The main difference I noticed was with the computer screen. The difference in color and brightness is literally the difference between night and day. Photos I've taken and posted look completely different to me now and was that blue line at the bottom of my screen always an electric blue? Best of all, the letters I am reading are black, no longer grey.
I worried about using the wrong glasses and spending too much time on the computer, so I sent a note to the doctor (love that you can now e-mail your doctor!) He wrote back that I can use whatever glasses work and repeated that he'll set me up for an appointment when I come back next time, but said something he hadn't said before--I will get my new lenses in about a month. Obviously this is to give the eye time to completely heal, but I will be coping with the wrong lenses until then, but that won't hurt my eye.
About computer usage, I am cleared to do whatever I want. I suspect the limiting factor is going to be eye strain, but apparently I'm not in danger of damaging the eye by over-use.
As the day has passed, either I'm getting used to it, or it's already beginning to settle into what it's going to be.
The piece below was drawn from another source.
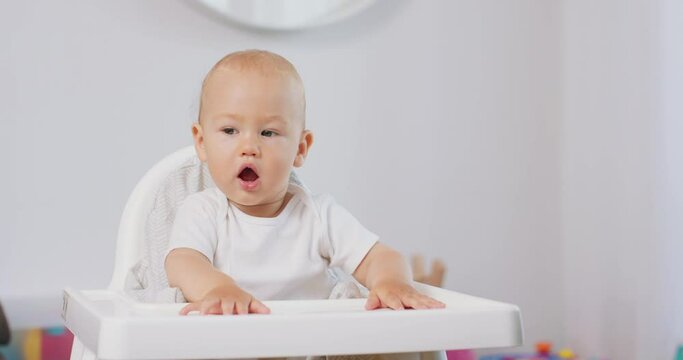 Portrait of young baby in white high baby chair. White walls on background.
I am thrilled to walk outside into the bright sunlight and realize that I can see and not that I have to shield my eyes. I can watch TV with the windows uncovered. I can look across the room at the clock and not have to squint. I am going to be better, and I am going to be back to normal very soon.
1 comment:
It's great that things seem to be going so well.
I daresay it'll be a wee bit frustrating until everything's healed properly and you get your new lenses - but so worth it in the long run.
We've been trying for ages to persuade my mother to get her cataracts done.